Pharaoh Format Alignment

"Pharaoh format" is common in the machine translation community. This represents a set of alignments for a sentence by a list of word pair indices, separated by a dash, where many-to-one alignments are represented by repeating the word index. Word numbers for this purpose are zero-based (in the source data they're one-based).

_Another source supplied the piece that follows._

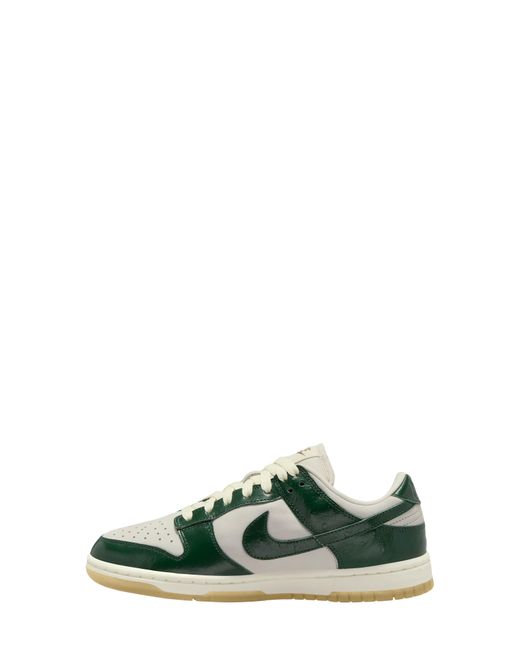 Nike Green Dunk Low Lx Sneaker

For the alignment example above, but encoded in a JSON file, this would look like:

[
{"40001001": "0-0 0-1 1-2 1-4 2-5 2-6 3-7 4-9 5-10 5-11 6-13 7-14 7-15"},
{"40001002": "0-0 1-1 3-2 4-5 5-4 6-6 8-7 9-10 10-9 11-11 13-12 14-13 16-15 17-14"},
{"40001003": "0-1 1-0 2-2 4-3 5-4 7-5 8-6 10-7 11-10 12-9 13-11 15-12 16-15 17-14 18-16 20-17"},
...

Other Formats

Other formats include useful information for alignment purposes but are not fully-specified alignments:

  • (Reverse) interlinear format: this indicates a source lemma for a target word, or vice versa. However, when words are repeated in a sentence or verse, such formats do not specify which instance is aligned with which, so the alignments are ambiguous.1

Footnotes

  1. Hueristics might help to convert such data to a complete alignment. How well this works is likely to depend on the languages involved.